# [Exercise data]

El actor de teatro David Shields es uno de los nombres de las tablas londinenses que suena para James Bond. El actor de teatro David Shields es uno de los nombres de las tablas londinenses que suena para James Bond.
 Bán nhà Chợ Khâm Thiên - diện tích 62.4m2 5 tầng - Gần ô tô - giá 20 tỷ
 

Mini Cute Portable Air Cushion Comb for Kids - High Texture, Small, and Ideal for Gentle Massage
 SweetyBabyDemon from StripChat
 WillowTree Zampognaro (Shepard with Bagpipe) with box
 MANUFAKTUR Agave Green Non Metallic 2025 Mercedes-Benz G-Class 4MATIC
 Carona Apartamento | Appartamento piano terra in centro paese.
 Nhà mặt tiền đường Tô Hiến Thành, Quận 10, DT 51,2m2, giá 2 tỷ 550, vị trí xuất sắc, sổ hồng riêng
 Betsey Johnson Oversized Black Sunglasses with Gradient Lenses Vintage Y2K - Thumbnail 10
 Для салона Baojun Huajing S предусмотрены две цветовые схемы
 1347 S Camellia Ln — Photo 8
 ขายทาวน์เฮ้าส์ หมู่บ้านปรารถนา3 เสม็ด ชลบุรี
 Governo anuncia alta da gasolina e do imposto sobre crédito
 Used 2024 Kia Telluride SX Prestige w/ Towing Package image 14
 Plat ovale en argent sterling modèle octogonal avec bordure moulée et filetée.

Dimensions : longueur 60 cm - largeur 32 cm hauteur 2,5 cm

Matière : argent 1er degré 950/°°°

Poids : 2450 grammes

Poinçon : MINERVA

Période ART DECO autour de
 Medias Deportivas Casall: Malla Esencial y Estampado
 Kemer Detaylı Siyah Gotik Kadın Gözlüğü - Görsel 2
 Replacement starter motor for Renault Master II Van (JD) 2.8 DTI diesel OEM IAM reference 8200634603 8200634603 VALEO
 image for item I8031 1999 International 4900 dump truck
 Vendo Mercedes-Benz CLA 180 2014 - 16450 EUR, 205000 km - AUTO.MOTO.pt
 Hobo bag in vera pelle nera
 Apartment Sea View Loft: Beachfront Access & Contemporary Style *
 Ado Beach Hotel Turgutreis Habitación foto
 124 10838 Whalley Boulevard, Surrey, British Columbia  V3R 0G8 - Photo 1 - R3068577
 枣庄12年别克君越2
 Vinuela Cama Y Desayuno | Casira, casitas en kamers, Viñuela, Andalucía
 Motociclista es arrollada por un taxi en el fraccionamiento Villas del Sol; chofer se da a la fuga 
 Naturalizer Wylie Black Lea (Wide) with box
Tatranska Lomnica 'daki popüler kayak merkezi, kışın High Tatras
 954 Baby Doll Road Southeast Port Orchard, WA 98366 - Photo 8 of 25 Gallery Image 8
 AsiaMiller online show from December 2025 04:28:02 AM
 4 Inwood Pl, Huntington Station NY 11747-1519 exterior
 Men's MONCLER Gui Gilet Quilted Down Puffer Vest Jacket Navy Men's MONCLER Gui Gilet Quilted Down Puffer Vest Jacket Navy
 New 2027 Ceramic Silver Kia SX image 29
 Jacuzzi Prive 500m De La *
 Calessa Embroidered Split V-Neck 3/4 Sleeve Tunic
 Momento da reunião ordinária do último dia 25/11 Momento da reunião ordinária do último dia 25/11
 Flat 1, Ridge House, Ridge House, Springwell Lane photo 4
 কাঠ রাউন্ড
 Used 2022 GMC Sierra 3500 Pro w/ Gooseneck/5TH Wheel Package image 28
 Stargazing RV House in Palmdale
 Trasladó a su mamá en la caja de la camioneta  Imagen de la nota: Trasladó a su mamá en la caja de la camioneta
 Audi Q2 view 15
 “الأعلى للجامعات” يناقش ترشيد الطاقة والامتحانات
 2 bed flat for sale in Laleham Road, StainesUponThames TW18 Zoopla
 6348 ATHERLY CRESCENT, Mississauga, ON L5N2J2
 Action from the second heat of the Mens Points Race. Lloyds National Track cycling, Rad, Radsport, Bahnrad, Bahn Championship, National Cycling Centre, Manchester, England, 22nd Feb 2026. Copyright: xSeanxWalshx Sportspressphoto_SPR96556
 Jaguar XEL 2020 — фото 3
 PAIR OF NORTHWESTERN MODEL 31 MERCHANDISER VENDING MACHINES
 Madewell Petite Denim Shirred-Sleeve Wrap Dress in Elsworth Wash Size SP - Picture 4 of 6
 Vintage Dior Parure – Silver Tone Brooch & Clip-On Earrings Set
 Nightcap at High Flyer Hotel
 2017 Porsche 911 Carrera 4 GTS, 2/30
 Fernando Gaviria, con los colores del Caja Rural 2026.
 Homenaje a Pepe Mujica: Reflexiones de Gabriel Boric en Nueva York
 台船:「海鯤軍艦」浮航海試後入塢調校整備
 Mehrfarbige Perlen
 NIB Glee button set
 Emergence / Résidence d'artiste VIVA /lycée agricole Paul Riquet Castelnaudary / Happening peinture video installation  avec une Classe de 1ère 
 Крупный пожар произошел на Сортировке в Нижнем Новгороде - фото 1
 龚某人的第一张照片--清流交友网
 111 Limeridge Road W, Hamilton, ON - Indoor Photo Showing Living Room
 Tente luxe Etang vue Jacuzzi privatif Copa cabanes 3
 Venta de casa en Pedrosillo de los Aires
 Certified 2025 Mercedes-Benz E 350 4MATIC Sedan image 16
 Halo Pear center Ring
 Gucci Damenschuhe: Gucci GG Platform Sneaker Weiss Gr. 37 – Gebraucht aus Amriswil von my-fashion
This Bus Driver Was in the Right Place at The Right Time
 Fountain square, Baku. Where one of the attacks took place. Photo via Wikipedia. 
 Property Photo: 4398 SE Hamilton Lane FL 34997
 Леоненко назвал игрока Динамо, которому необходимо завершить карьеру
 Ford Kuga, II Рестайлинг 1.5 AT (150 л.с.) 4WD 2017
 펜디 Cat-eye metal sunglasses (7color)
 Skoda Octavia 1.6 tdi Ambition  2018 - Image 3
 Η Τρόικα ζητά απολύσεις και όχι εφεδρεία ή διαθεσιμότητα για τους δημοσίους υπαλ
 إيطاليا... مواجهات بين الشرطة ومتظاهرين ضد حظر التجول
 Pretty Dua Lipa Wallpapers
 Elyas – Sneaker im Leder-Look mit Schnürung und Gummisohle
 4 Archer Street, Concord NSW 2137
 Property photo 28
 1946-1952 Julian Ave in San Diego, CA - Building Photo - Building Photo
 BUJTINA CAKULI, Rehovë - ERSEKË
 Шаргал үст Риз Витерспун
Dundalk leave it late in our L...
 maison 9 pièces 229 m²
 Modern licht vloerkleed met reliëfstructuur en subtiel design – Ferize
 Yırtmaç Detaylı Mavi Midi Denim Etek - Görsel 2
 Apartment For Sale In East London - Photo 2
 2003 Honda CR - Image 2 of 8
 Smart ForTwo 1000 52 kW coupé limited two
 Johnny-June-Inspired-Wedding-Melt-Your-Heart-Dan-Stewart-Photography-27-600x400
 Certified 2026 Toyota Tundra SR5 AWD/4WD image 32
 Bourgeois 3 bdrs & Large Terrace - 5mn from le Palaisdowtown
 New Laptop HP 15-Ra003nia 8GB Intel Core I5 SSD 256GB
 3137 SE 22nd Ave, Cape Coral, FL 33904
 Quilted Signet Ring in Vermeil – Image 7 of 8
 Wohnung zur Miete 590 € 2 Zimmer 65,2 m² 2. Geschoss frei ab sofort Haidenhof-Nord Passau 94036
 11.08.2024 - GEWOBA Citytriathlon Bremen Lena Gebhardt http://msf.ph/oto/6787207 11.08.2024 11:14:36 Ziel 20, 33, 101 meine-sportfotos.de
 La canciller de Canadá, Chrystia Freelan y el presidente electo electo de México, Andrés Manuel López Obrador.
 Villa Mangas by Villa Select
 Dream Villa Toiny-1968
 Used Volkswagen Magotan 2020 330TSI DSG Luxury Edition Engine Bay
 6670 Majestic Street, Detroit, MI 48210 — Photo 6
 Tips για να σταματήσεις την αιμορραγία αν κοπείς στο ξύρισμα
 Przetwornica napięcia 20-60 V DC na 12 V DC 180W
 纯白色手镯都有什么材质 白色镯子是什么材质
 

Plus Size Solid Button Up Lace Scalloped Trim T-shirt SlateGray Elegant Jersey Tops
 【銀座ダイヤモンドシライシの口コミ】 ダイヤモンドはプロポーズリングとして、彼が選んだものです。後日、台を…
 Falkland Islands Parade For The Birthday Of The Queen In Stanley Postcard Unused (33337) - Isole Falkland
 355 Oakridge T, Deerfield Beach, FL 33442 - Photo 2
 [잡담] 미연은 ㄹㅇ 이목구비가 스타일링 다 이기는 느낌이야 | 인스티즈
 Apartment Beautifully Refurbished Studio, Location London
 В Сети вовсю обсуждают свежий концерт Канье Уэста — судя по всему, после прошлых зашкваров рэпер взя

# [Instructions for the task]
Return exactly what appears above, from the first line of the entries to the line with "WillowTree Zampognaro (Shepard", inclusive.

# [Task result]
El actor de teatro David Shields es uno de los nombres de las tablas londinenses que suena para James Bond. El actor de teatro David Shields es uno de los nombres de las tablas londinenses que suena para James Bond.
 Bán nhà Chợ Khâm Thiên - diện tích 62.4m2 5 tầng - Gần ô tô - giá 20 tỷ
 

Mini Cute Portable Air Cushion Comb for Kids - High Texture, Small, and Ideal for Gentle Massage
 SweetyBabyDemon from StripChat
 WillowTree Zampognaro (Shepard with Bagpipe) with box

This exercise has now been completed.